Damit fordern die Turbulenzen in diesem Segment der Baubranche wieder ein Opfer. Insolvenz angemeldet hatten in den vergangenen Wochen bereits unter anderem der Luxusimmobilienentwickler Euroboden sowie die Nürnberger Project-Immobiliengruppe mit geplanten Vorhaben von 3,2 Milliarden Euro. Deren Schwerpunkte liegen in Großräumen wie Berlin, Hamburg, Düsseldorf, dem Rhein-Main-Gebiet und München.
Die Fälle haben weitreichende Folgen: Sparer bangen um ihre Fondsanlagen und Handwerker um ihre offenen Rechnungen. Die Krise der Projektentwickler trifft zudem zahlreiche private Wohnungskäufer. Project aus Nürnberg betreut nach Angaben des Insolvenzverwalters 118 laufende Projekte mit über 1850 Wohnungen, Käufer seien zumeist Privatpersonen. Wichtig sei jetzt, »ob und wie die nötigen Finanzmittel zum Weiterbau der Projekte aufgebracht werden können«, sagte der vorläufige Insolvenzverwalter Volker Böhm einer Nachrichtenagentur. Einige Käufer hätten bereits beträchtliche Summen investiert.

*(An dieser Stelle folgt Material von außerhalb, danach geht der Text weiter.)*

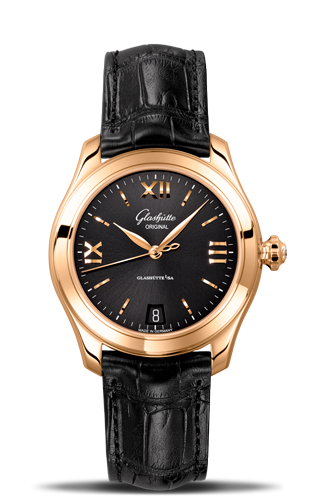 Glashutte Original Lady Serenade Rose Gold / Black / Alligator / Folding 1-39-22-18-01-04 Glashutte Original Lady Serenade Rose Gold / Black / Alligator / Folding 1-39-22-18-01-04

Halfen den Unternehmen im Immobilienboom niedrige Zinsen und rasant steigende Preise, hat sich die Lage mittlerweile gewendet. Durch höhere Materialkosten und den Zinsanstieg für Kredite verteuert sich der Neubau stark, während Projektentwickler im Verkauf auf wenig Nachfrage treffen. »Teilweise verkaufen sie nur noch ein Zehntel der Objekte wie vor einigen Jahren«, sagt Voigtländer. Dazu komme, dass die Krise am Immobilienmarkt länger andauere als von vielen in der Branche erhofft, aber die Kosten derweil weiter anfielen – im Extremfall, bis das Geld ausgehe. Angesichts dieses Umfeldes erwarten Branchenbeobachter in den kommenden Monaten weitere Pleiten.